Indeks Dow Jones zyskał 443,13 punktów, czyli 1,05%, natomiast Nasdaq wzrósł o 231,50 punktów, co stanowi 1,20% wzrostu. Reuters potwierdza, że te wzrosty oznaczają szeroki ruch zwyżkowy na amerykańskiej giełdzie. Według portalu Seeking Alpha, sesje piątkowe zakończyły się skokiem głównych indeksów, co było efektem silnych danych zatrudnienia za maj, które podtrzymały nadzieje na stabilizację gospodarczą.

Prognozy i perspektywy dla S&P 500 na 2025 rok

Eksperci Barclays, w tym strateg Venu Krishna, podnieśli prognozę dla indeksu S&P 500 do poziomu 6 050 punktów, co jest już trzecim podwyższeniem tej prognozy w ciągu ostatniego tygodnia. CNBC informuje, że ta korekta w górę odzwierciedla rosnące oczekiwania inwestorów na dalsze umocnienie rynku.

Deutsche Bank oraz inni analitycy również wskazują na dalszy potencjał wzrostu, prognozując, że S&P 500 może osiągnąć nawet 6 550 punktów do końca 2025 roku, jak podaje IndexBox. Prognozy te opierają się na pozytywnych danych dotyczących zatrudnienia oraz oczekiwaniach na bardziej łagodną politykę podatkową i regulacyjną, które mają sprzyjać rozwojowi rynku i zwiększać atrakcyjność inwestycji.
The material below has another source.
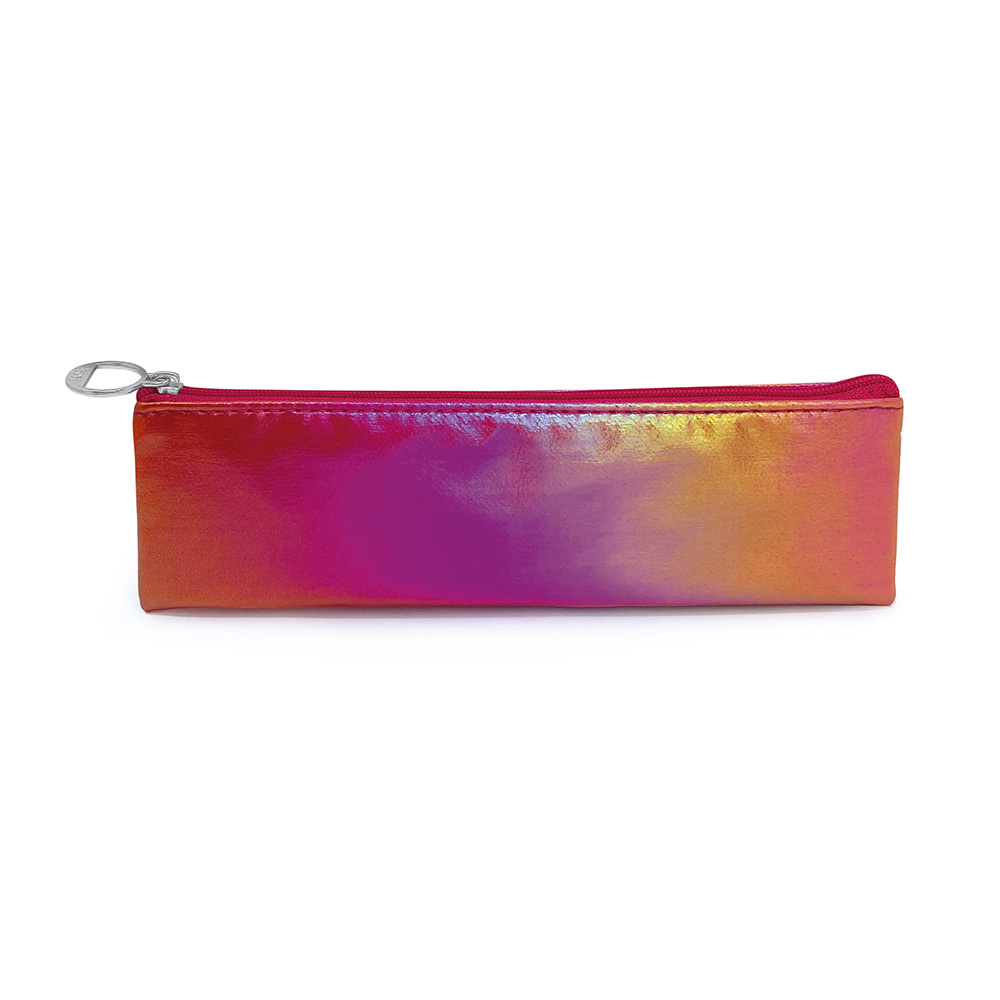 lebez-saccuccioli-glam-pearl-bustina-in-pu image 4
Czynniki napędzające wzrosty na Wall Street

Wzrosty na giełdach były napędzane przede wszystkim przez duże spółki technologiczne. W szczególności Tesla odgrywała znaczącą rolę w pchaniu indeksu S&P 500 w górę, jak podaje Moneycontrol. To przedsiębiorstwo, będące jednym z liderów sektora, skutecznie poprawiło sentyment inwestorów, co przełożyło się na szeroką falę zakupów na rynku.

Dodatkowo, poprawę nastrojów na Wall Street wspierały zmniejszone obawy gospodarcze oraz oczekiwania na stabilizację polityki monetarnej i fiskalnej, jak wskazują źródła Bloomberg oraz Moneycontrol. Giełdy odnotowały trzecią sesję z rzędu wzrostów, co potwierdza utrzymujący się optymizm na rynku mimo wcześniejszych spadków i niepewności.

Kontekst historyczny i obecna sytuacja rynkowa

Przed publikacją danych z maja, indeks S&P 500 był o około 20% niższy od rekordowego poziomu sprzed dwóch miesięcy, co wskazywało na okres korekty i wyhamowania wzrostów. Washington Times przypomina, że w porannym handlu 5 czerwca indeks ten notował spadek o 0,2%, co świadczyło o niepewności inwestorów tuż przed raportem zatrudnienia.

Po publikacji danych, S&P 500 zamknął się na poziomie najwyższym od trzech i pół miesiąca, a Dow Jones osiągnął najlepszy wynik od trzech miesięcy, jak relacjonuje Proactive Investors. Warto podkreślić, że indeks S&P 500 obejmuje 500 wiodących firm w USA, co czyni go kluczowym wskaźnikiem kondycji amerykańskiego rynku akcji, według danych FRED | St. Louis Fed.

Ożywienie na giełdzie i wyższe prognozy pokazują, że inwestorzy coraz bardziej wierzą w stabilność i przyszły rozwój amerykańskiej gospodarki, mimo wcześniejszych zawirowań i niepewności.